[Vm-dev] pinning GC

Eliot Miranda eliot.miranda at gmail.com
Wed Jan 12 02:24:12 UTC 2011


Hi All,

    as I've mentioned I've been thinking of implementing a pinning GC for
the threaded Cog VM.  Pinning is really important for a threaded FFI since
the GC can run in parallel with FFI calls and so move objects while FFI
calls are in progress.  The idea then is to arrange that every object passed
out through the FFI is pinned.  This is easy to do in a Smalltalk VM that
has an object table; an object header bit is used as the "is pinned" flag.
 The marshalling code in FFI calls checks the "is pinned" bit and if not
set, allocates a clone of the object in a region of the heap that the GC
does not compact, with the "is pinned" bit set, and does a become.

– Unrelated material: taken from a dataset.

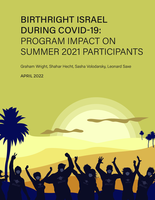 Birthright Israel during Covid-19: Program Impact on Summer 2021 Participants
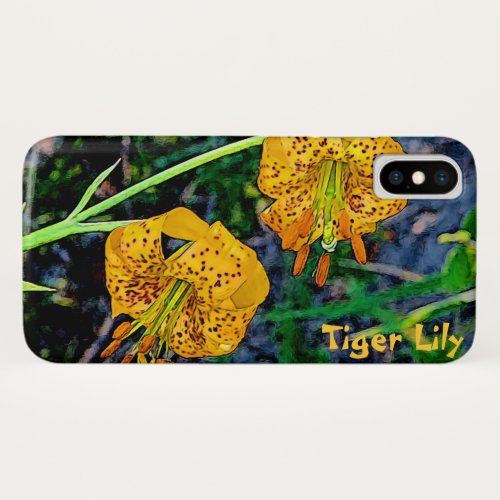 Tiger Lily iPhone XS Case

In a Smalltalk VM without an object table (Squeak, VisualAge etc) this is
more challenging.  But a recent comment on Gilad Bracha's Newspeak blog by
"TruePath" (who's he? ed.) points out a technique that applies:
    "Remember smalltalk is a dynamic language so every method call (and that
is all there is) requires we check the type pointer and (if the PIC or other
caches don't include an appropriate entry) use the type to resolve the
method call. One could easily have a special type that escapes into the
runtime on any message at which point the runtime replaces the reference the
message call was dispatch on with the new location and retries the call.
Indeed, any modern GC has to have some way of doing indirection like this so
the heap can be compacted."

So the FFI marshalling code checks the "is pinned" bit, and if unset
allocates a clone of the object in a region of the heap that the GC does not
compact, changes the class/type field of the object to the special "i'm a
forwarding corpse" value, and sets a forwarding pointer to the pinned copy.

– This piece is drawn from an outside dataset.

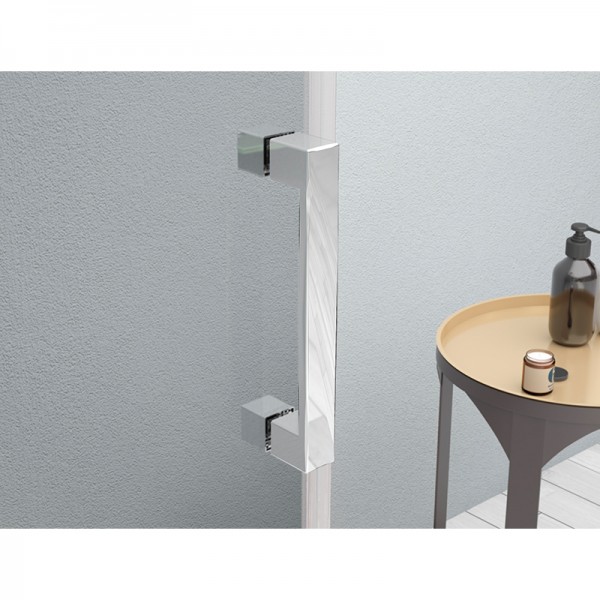 Mampara de ducha frontal S.3000 AL - puerta + fijo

There are two problems with this.

One, it doesn't work for objects with named inst vars; in Smalltalk an
object's named inst vars are accessed directly.  But that's easy; one likely
doesn't have any business handing out such objects through the FFI, so we
can fail calls that do this, and provide special wrappers to hand-out
indirect references to objects with named inst vars.  (There was a
discussion on this approach last year; Andreas proposed a generic object
handle scheme).

Two, there needs to be room in the corpse for a forwarding pointer to the
pinned copy.  There isn't enough space in a zero-sized byte data.  But one
has no business handing pout pointers to empty byte data anyway; attempts to
write data into them must overwrite the heap, potentially disastrously.  So
the FFI can either pass zero-sized objects as null pointers or fail the
call.  So there will always be enough room in byte data to corpse it to a
pinned copy because we'll only attempt the operation on non-empty objects
(and the underlying heap representation will round up the size of any object
to at least a pointers width).

So all one needs is a special class marker, say 0, for corpses.  The GC must
be modified to follow the forwarding pointer through corpses, as must the
message lookup machinery.  The heap must have a region that is not compacted
(such as old space, which could have a free list and be compacted only on
snapshot - i.e. writing a file that has the free space squeezed out, but
that /does not/ move objects in the heap, such as VW's image file format,
and hence the compaction actually happens on image load when the objects in
the snapshot file are relocated and pointers swizzled).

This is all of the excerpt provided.